With coronavirus cases hitting record highs, many countries are trying to limit the economic damage by relaxing rules on isolation rather than resorting to lockdowns.
There was some positive economic data from South Korea where a 5.1% surge in November industrial output could signal an easing in global supply bottlenecks.
MSCI’s broadest index of Asia-Pacific shares outside Japan were flat, leaving it down 6% on the year.
Chinese blue chips added 1.0% as Beijing signalled lower rates in 2022, though that was still off 5.5% for the year.
Japan’s Nikkei slipped 0.2%, giving it a modest gain of 4.6% for the year but short of a three-decade top reached in September. Tokyo is shut on Friday.
Taiwan was an outperformer with a rise of 24% for the year thanks to red-hot demand for computer chips amid limited supply.
BofA analyst Ajay Kapur sees some upside for Asian markets in the near term but is neutral from the second quarter onward given that is when global liquidity is likely to peak as the Federal Reserve stops buying assets.
He is also bearish on China on expectations the economy will continue to slow and company earnings disappoint.
S&P 500 futures and Nasdaq futures were all but steady, while EUROSTOXX 50 futures inched up 0.1% and FTSE futures dipped 0.1%.
Wall Street has had a stellar year thanks to upbeat corporate earnings and extraordinary helpings of policy stimulus. The S&P 500 is up a hefty 28% and looking at its strongest three-year performance since 1999.
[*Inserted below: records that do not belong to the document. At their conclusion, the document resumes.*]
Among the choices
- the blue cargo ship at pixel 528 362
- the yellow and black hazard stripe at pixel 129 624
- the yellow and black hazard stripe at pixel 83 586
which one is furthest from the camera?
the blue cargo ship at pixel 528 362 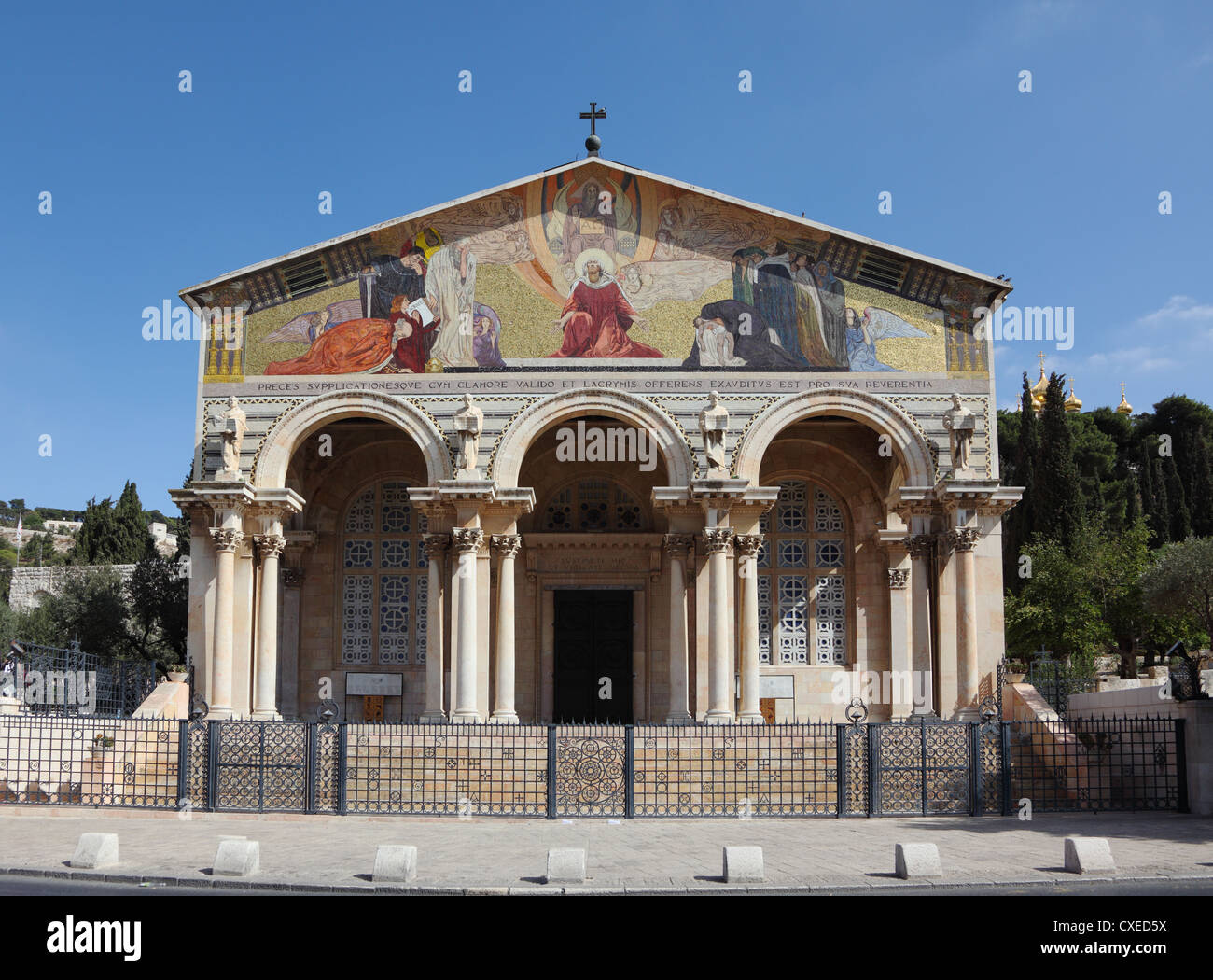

The Nasdaq is ahead by 22% on the year, though much of that is due to stratospheric increases in the value of just seven tech groups – Apple alone makes up 11% of the index.
Bond markets have been stressed by the persistence of U.S. inflation and a resulting hawkish turn by the Fed, with investors now pricing a first rate hike as early as March or May.
Two-year yields have shot up 55 basis points since September to stand at 0.75%, near the highest since March last year.
Longer-term bonds have suffered relatively less and the yield curve has flattened markedly, suggesting investors are wagering a more aggressive Fed now will mean slower inflation and growth in the future and a lower peak for rates.
On Thursday, 10-year yields were up 6 basis points for the week at 1.55% but well below the 1.776% peak hit in April.
The Fed outlook has combined with safe-haven flows to underpin the U.S. dollar, though it ran into some profit taking overnight as the euro bounced to $1.1338 and away from a November trough of $1.1184.
Much of the action came in the yen, which has run into broad year-end selling over the past week or so. The euro reached its highest since mid-November at 130.57 yen, as did the dollar at 115.06 yen.
In commodity markets, gold eased to $1,801 an ounce, leaving it 5% lower for the year.
Oil prices rose after government data showed U.S. crude inventories fell last week, offsetting concerns that rising coronavirus cases might reduce demand. [O/R]
That set the seal on a spectacular year for crude as Brent climbed more than 50% amid limited supplies, adding considerably to the global inflation pulse.
On Thursday, U.S. crude was up another 23 cents at $76.79 per barrel, while Brent rose 20 cents to $79.43.